What is the lift in data mining

Lift chart

 

The lift chart enables a visual summary of the informational value provided by one or more statistical models for predicting a binomial (categorical) output variable (dependent variable). For multinomial output variables, lift charts can be calculated for each category. In particular, you can use the chart to compare the benefits that can be expected from using the corresponding forecast model with the baseline.

The lift chart is applicable to most statistical methods that compute predictions (classifications) for binomial or multinomial responses. In STATISTICA, lift charts can be calculated in various modules, including General Classification and Regression Trees (GC&RT) models, GCHAID, Generalized (non) linear models (logit and probit models for binomial answers), General models of discriminant analysis (for binomial answers) etc.
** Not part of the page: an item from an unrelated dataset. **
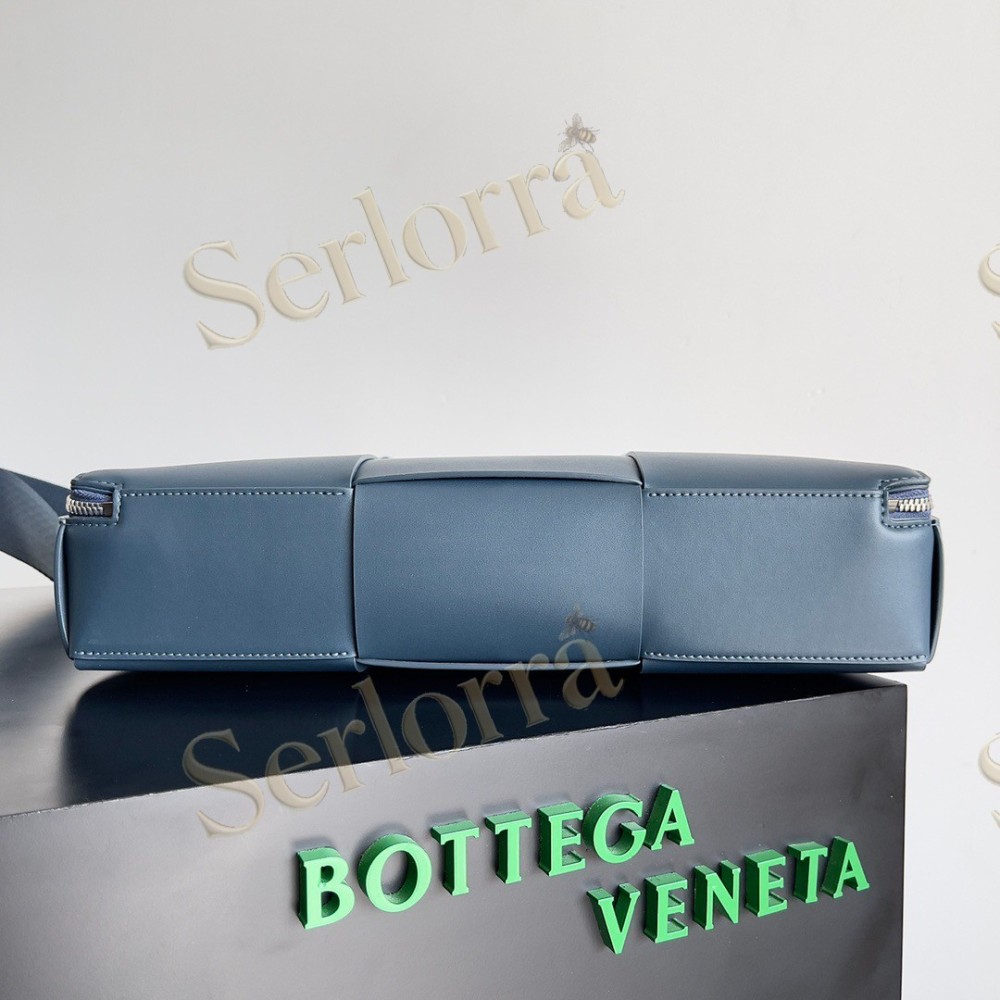 BOTTEGA VENETA ARCO BRIEFCASE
The module Rapid deployment of predictive models calculates simple and superimposed gains charts (for several predictive models) based on models that have been trained and applied via PMML. This and similar summary charts (see lift chart) are often used in data mining projects when the dependent or interesting output variable is binomial or multinomial.

Example. This is an example to illustrate how the lift chart is constructed. Let's say you have a mailing list of previous customers and you want to offer these customers an additional service by sending out a brochure and other material describing the service. During previous campaigns, you have collected useful information about your customers (e.g. demographic information, purchase patterns) that you can relate to the response rate, i. H. See if the relevant customers responded to your offer and what kind of order they placed. Also, after similar previous campaigns, you were able to estimate the baseline response rate to be around 7%; H. 7% of all customers who had a similar offer in the mail replied (ordered the additional service).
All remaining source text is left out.